=== SOURCE MATERIAL ===
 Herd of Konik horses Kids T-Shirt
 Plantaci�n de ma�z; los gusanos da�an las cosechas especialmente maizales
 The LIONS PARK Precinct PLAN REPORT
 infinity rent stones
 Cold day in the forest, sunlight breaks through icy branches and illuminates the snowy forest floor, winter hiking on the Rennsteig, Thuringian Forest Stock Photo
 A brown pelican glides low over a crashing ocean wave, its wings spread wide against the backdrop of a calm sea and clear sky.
===
=== SOURCE MATERIAL ===
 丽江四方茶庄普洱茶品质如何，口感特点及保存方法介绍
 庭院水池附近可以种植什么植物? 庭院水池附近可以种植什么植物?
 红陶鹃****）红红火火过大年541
===
AIM OF THE TASK
Proceeding from the line containing "The LIONS PARK Precinct PLAN REPORT" through the line containing "A brown pelican", transcribe the lines above exactly, both end lines included.

RESPONSE AREA
 The LIONS PARK Precinct PLAN REPORT
 infinity rent stones
 Cold day in the forest, sunlight breaks through icy branches and illuminates the snowy forest floor, winter hiking on the Rennsteig, Thuringian Forest Stock Photo
 A brown pelican glides low over a crashing ocean wave, its wings spread wide against the backdrop of a calm sea and clear sky.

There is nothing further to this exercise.